If you are a Western Michigan fan you should be annoyed and I am cool with your umbrage. Executive summary: don’t lose two games and the committee won’t really help you if you are in the worst 1-A conference. Some other folks stats indicate that Missouri Valley, a 1-AA conference is stronger than the MAC. They might be right.
Also, what does this even mean? There is no magical reference frame free world of football, you will always be evaluated based on who you played. Let me reiterate: only Western Michigan fans have a right to be mad about this.
Why not use this for rankings in the early season?
Because my model is silly until about week seven. This model has no seed rankings. There is no way for this model to really know anything about anything until the games are played, and given the way that the SEC delays playing weak teams their conference looks really important in this model, and the Big Ten/Pac 12/ACC by playing really weak teams to “warm-up” may not even appear as legit conferences in this model until after week 7.
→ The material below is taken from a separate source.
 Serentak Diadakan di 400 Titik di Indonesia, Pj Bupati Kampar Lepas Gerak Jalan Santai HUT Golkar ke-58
This method makes the Fighting Irish look really important if they play well. Those dudes bring it every weekend, human rankers/voters might not take kindly to a loss or three, but this model would just see nine legit wins over major programs.
The committee got it right. Big Ten rules crowned a conference champion that was not the most important team in the conference. Big Ten East is the most dominant sub-region in all of college football. By the end of the season, the Pac-12 was also very strong, despite Oregon losing the Chip Kelly recruiting halo.
After five years, I am comfortable saying that connecting the top eigenvector centrality teams from the first four modularities presented is the best way to determine the playoffs.